The above scenario is not specific to a city but is being played out across the length and breadth of the country. Almost all the cities and towns thru which highways pass, simply start using these highways as city streets. There are as many entry and exit points into the highway system as the City / Town deems necessary. Shops come up along both sides of the highway system with each individual shop having a direct entry/exit to the highway system!

To ensure that we have a credible highway system, we got to regulate entry and exit points of the system. Any populated area (City/Town/Village) that wants access to the highway system, must do so at some predetermined point(s). Depending on the size of the populated area, the number of entry and exit points should be determined.
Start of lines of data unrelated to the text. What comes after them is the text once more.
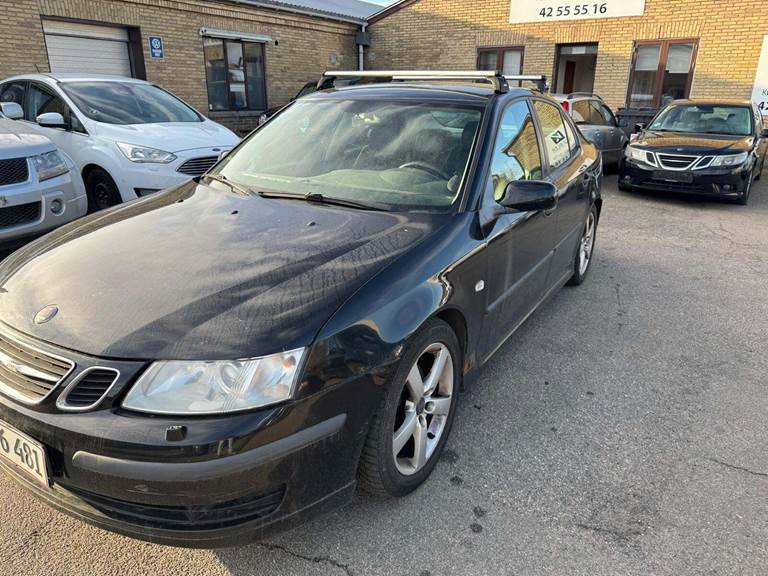 Saab 9-3 1,8 t Expression Hirsch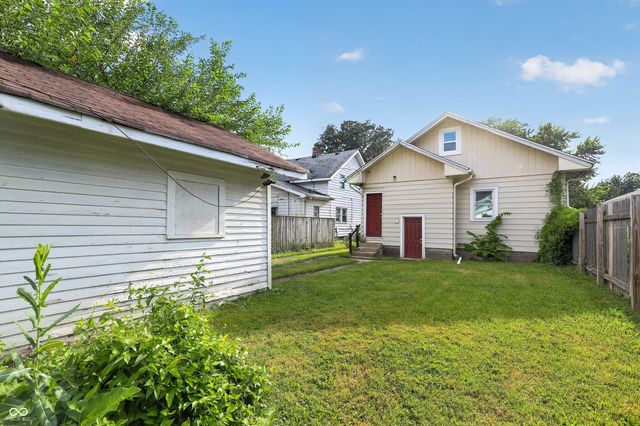 609 N Linwood Avenue, Indianapolis, IN 46201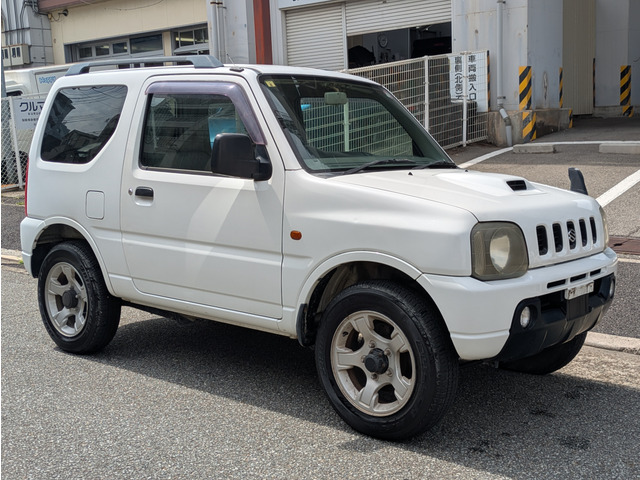 ジムニー XC 4WD 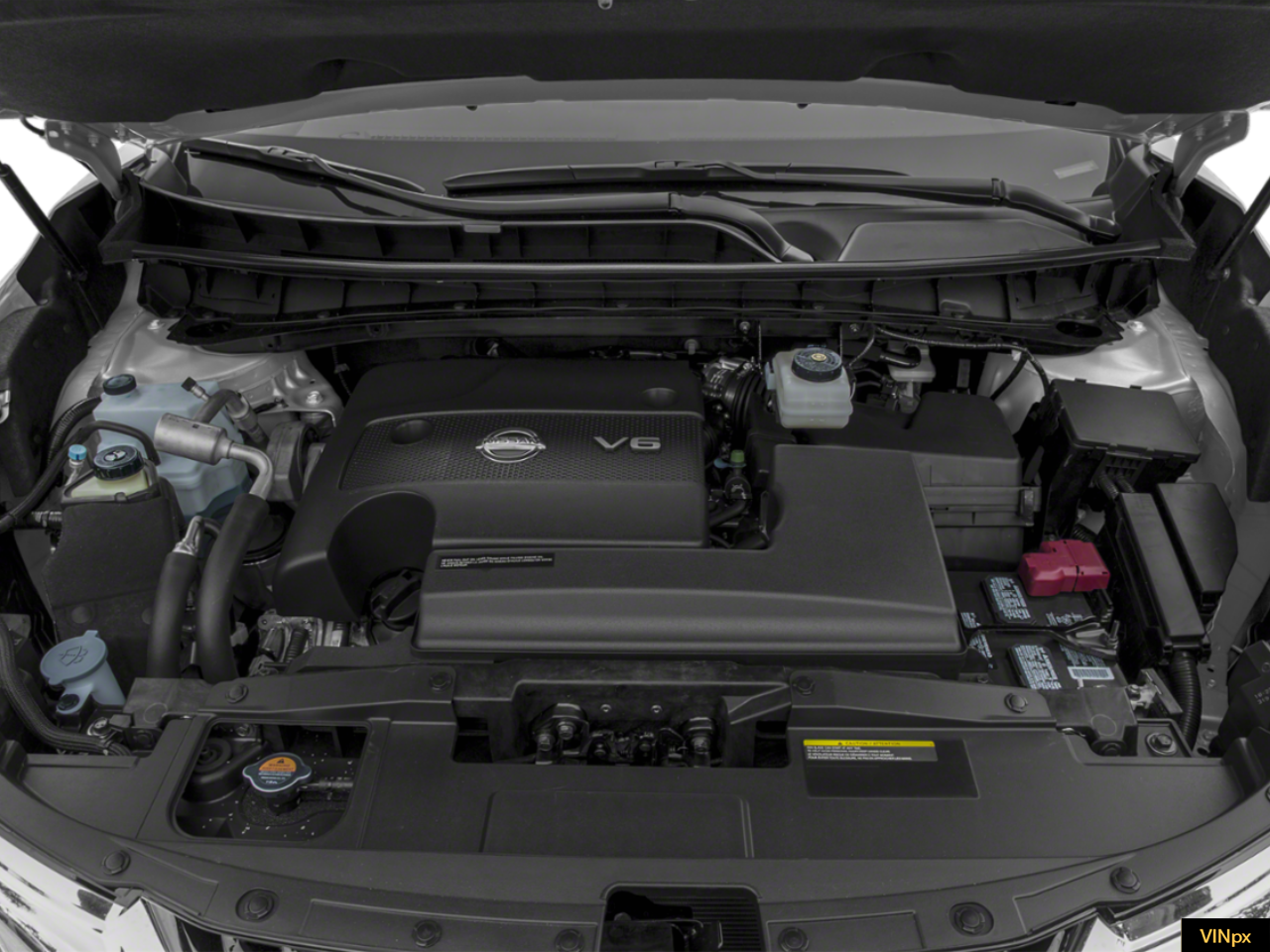 2015 Nissan Murano SV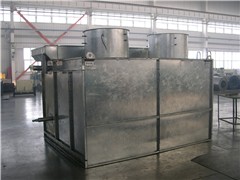 ZL2400型蒸發式冷凝器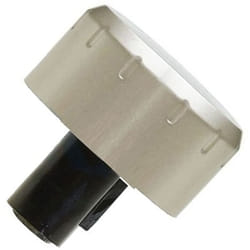 Bouton du thermostat (450920570) Four, cuisinière Beko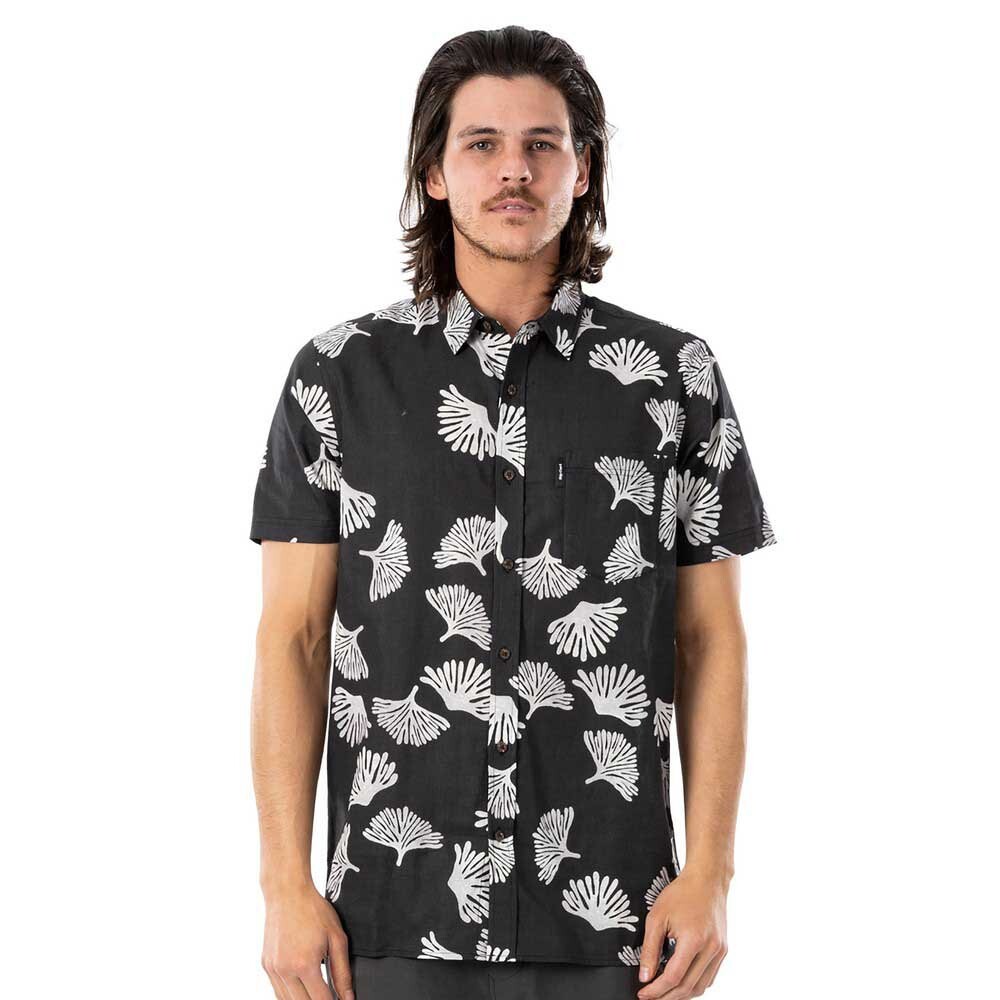 

Рубашка с коротким рукавом Rip Curl Swc, черный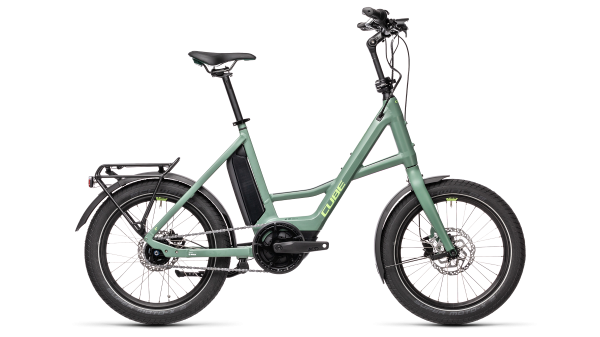 Cube Compact 2021 Electric Hybrid Bike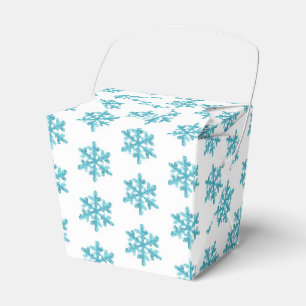Christmas Favour Box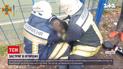 Новости Украины: в Сумской области спасатели освободили школьника из металлического забора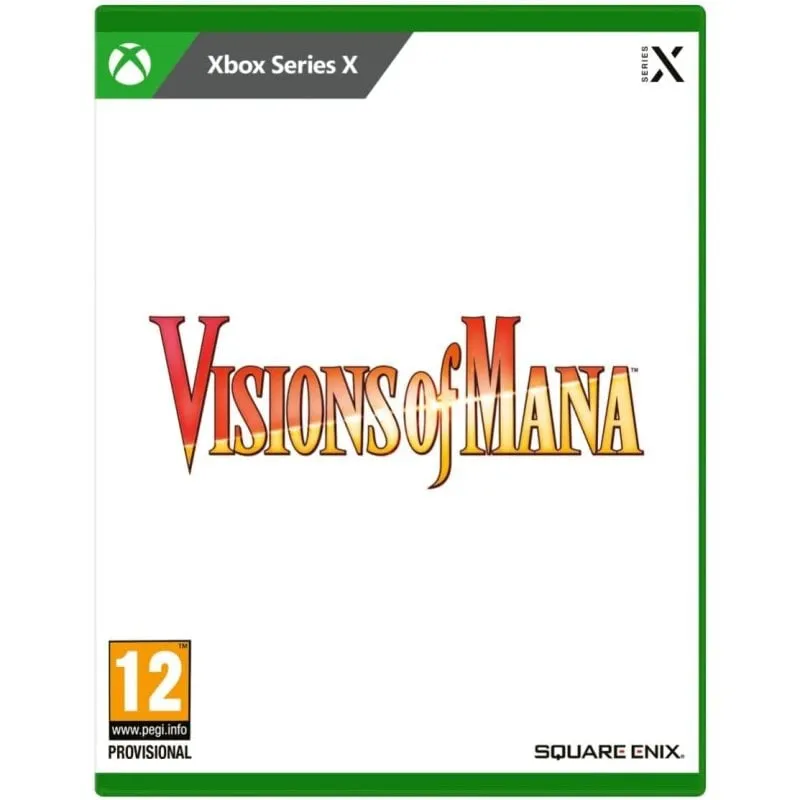 Visioni di Mana Serie Xbox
The only way highway system should be tapped is by building clover leaves to the highway. The populated area that wants to access the highway system must pay for creating the entry exit infrastructure. There must not be any direct entry into the highway system.

The key to success of such an access policy is that the local government bodies must plan their City/Town such that the population is not just dependent on the highway system for their intercity transport needs. The urban / rural planning departments must not accept any outlay that does not have city streets for the intercity transport and that does not have well defined regulated access to the highway.

I don’t think it is prudent for us as a nation to spend money on building elevated highway system when the one on ground perfectly suffices, if only we could manage it properly!